EXERCISE DATA:

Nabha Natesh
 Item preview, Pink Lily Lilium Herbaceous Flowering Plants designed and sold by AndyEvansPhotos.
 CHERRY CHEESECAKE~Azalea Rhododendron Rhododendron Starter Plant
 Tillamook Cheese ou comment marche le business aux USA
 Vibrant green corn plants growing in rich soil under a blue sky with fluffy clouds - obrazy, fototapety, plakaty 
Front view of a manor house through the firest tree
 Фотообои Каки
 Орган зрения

EXERCISE INSTRUCTIONS: Put down each entry again, unchanged and complete.

OUTPUT BELOW:
Nabha Natesh
 Item preview, Pink Lily Lilium Herbaceous Flowering Plants designed and sold by AndyEvansPhotos.
 CHERRY CHEESECAKE~Azalea Rhododendron Rhododendron Starter Plant
 Tillamook Cheese ou comment marche le business aux USA
 Vibrant green corn plants growing in rich soil under a blue sky with fluffy clouds - obrazy, fototapety, plakaty 
Front view of a manor house through the firest tree
 Фотообои Каки
 Орган зрения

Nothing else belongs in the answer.